■ Exercise brief: Copy out each line of the material below that holds the string "Motorcycle".

■ Exercise material:

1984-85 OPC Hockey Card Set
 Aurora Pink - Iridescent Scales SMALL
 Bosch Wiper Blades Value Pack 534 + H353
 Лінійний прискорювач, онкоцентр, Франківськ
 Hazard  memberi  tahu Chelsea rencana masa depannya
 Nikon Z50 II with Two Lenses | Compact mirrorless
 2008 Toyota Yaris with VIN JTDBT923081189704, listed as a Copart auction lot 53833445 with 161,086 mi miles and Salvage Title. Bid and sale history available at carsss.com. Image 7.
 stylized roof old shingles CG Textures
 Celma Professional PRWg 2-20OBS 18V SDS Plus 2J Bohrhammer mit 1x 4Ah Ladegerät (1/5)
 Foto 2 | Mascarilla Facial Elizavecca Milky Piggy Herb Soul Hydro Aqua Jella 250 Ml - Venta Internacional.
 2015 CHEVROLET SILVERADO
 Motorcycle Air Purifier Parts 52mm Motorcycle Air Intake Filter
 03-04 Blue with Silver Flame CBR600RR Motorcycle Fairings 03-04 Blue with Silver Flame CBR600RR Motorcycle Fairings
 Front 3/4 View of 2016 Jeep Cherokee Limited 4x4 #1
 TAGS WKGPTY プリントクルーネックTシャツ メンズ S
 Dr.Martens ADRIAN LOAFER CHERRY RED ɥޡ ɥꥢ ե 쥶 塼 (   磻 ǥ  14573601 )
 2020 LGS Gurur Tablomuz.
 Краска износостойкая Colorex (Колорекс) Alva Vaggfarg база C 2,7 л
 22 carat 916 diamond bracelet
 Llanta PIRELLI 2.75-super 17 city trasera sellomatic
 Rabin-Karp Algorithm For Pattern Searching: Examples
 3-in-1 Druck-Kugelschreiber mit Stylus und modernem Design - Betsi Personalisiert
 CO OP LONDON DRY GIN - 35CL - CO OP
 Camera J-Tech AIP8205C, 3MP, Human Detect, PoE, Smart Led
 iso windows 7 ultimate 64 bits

■ Solution to this problem:
 Motorcycle Air Purifier Parts 52mm Motorcycle Air Intake Filter
 03-04 Blue with Silver Flame CBR600RR Motorcycle Fairings 03-04 Blue with Silver Flame CBR600RR Motorcycle Fairings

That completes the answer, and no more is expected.